While China is currently focused on exporting seafood into Kenya, it may eventually see the potential of establishing its own aquaculture and feed firms in the country, as they have in Ghana and elsewhere in Africa, where the domestic aquaculture sector generally suffers from poor production and management techniques, as well as a relative lack of training and extension services.

That shift may be hastened by the ongoing movement by China to crack down on its aquaculture sector to achieve a more environmentally sustainable output. That could mean lower volumes of tilapia seeking export buyers in places like Kenya. 

On the Kenyan side, a separate public outcry is growing over claims of dangerous levels of heavy metals in Chinese imported seafood. Last November, Kenyan President Uhuru Kenyatta promised a ban on Chinese seafood imports, but it has yet to come into effect. It’s perhaps unlikely that it will, given China’s huge leverage in the country by dint of its central role in the Kenyan economy. 

Data from Johns Hopkins University shows China had lent the Kenyan state nearly USD 10 billion (EUR 8.9 billion) as of late 2018.  To compare, Ethiopia owes Chinese state-run lenders USD 13.7 billion (EUR 12.1 billion), Uganda owes USD 2.96 billion (EUR 2.62), and Tanzania owes USD 2.34 billion (EUR 2.07). Some of the Kenyan debt was extended by the Exim Bank in Beijing, with the Kenyan Ports Authority – operator of key ports like Mombasa – as collateral. China holds 22 percent of Kenya’s external debt.

China’s outstanding bills, while providing leverage over African borrowers, could eventually turn into a liability, especially when viewed through the prism of its bilateral trade, which skewed in China’s favor. Kenya exported USD 96.9 million (EUR 85.7) worth of goods to China in 2017, while it imported USD 3.79 billion (EUR 3.35) in goods from China. Those statistics can be misleading – as of June 2018, India had nearly twice as big a share of Kenya’s imports, though China tranships much of its sales to Kenya through the United Arab Emirates, which ranked as the top source of Kenyan imports. Nonetheless, China ranked 32nd as a destination for Kenyan goods (Britain was in first place, followed by Uganda, Holland, Tanzania, and the U.S. in that order). Clearly – even taking into account any bias in the data due to transhipments – there is room for China to grow its purchases from Kenya to bring balance to a lopsided trading relationship. 

In order for China to see any of the money Kenya owes it, the trade relationship between the two countries has to be rebalanced.
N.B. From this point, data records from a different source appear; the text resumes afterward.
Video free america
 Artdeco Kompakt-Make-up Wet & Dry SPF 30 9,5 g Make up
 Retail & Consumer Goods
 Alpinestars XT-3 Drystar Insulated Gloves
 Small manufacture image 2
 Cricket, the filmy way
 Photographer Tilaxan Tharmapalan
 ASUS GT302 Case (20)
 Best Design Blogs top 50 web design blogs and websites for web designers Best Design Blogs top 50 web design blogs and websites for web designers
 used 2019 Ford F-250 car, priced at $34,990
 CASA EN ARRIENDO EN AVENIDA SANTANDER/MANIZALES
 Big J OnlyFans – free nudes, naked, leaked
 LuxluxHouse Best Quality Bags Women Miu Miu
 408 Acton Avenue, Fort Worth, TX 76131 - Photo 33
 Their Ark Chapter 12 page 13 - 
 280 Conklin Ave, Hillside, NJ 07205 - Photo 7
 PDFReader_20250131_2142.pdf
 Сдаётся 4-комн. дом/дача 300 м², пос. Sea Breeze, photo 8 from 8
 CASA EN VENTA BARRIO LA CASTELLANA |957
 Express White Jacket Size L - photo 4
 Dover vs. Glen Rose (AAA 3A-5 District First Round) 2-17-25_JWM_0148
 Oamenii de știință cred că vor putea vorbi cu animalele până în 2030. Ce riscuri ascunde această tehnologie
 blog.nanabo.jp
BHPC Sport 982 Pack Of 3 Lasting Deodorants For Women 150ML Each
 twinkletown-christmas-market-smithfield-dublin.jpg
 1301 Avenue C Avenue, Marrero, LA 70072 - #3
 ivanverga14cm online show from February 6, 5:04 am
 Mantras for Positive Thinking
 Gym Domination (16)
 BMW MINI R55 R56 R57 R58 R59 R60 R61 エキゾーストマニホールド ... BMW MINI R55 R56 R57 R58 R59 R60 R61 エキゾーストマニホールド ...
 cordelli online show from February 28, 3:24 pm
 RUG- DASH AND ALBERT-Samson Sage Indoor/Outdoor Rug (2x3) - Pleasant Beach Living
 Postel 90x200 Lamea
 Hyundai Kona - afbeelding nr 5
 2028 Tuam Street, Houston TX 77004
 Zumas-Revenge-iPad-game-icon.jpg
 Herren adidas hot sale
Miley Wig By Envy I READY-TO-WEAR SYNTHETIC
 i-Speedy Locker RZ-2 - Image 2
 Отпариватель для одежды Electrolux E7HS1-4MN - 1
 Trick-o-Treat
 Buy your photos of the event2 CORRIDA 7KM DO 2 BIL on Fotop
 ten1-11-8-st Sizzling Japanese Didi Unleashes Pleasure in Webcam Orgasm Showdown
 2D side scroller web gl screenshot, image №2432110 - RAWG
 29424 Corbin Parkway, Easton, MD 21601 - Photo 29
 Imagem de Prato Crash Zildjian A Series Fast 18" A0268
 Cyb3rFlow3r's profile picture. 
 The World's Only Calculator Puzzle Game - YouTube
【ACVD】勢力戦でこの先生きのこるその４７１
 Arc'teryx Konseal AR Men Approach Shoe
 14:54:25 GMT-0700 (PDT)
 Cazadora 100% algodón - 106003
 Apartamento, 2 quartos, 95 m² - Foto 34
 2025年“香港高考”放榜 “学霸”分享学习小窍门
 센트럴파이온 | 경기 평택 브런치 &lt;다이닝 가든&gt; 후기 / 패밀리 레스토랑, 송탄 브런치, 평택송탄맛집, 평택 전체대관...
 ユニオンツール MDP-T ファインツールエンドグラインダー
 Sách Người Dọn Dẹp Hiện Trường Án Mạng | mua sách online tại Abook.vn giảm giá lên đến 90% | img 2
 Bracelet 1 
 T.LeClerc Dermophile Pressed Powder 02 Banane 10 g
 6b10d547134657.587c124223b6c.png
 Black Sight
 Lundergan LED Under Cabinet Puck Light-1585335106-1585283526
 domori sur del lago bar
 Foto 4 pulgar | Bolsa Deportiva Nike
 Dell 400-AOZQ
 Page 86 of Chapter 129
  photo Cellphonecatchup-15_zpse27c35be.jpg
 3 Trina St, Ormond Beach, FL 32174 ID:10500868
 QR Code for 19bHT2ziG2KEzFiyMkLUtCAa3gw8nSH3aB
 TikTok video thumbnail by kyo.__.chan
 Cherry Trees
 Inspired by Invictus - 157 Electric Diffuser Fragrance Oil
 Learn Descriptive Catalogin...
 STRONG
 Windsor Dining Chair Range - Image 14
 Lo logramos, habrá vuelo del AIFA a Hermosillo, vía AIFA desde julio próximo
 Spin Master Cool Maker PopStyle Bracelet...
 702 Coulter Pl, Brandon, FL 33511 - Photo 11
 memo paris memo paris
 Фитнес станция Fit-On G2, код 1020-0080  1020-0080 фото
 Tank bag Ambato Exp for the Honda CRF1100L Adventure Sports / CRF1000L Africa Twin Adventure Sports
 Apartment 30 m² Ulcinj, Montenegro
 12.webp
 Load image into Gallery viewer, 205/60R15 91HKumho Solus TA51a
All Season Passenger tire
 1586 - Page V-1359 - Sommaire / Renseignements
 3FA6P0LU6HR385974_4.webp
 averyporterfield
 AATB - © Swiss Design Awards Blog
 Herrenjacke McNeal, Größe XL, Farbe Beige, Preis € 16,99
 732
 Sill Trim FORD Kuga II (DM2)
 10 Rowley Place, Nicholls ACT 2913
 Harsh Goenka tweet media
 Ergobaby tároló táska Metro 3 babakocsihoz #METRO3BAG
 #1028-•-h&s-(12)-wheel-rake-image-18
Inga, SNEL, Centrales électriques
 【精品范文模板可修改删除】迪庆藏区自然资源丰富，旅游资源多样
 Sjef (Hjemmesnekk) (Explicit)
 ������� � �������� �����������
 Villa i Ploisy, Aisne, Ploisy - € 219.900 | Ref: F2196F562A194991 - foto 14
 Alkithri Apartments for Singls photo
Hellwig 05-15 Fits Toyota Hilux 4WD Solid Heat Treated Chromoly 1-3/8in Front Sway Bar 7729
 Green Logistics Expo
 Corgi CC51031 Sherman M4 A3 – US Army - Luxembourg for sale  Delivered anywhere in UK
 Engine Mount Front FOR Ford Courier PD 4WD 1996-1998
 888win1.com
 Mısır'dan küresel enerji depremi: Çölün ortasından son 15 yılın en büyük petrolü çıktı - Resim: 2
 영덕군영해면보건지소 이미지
There to be more value-add in what Kenya ships to China. This will help Kenya grow its own economy, creating more customers for Chinese tilapia exporters, who are keen to diversify into Africa and away from dependence on the U.S. market.

And there has to be more value-add by Chinese firms in Kenya, rather than simply shipping in vast quantities of cheap manufactured goods from China. Chinese production of seafood and other items in Kenya for local markets can be a solution to Kenyan worries over trade imbalances and lack of competitiveness.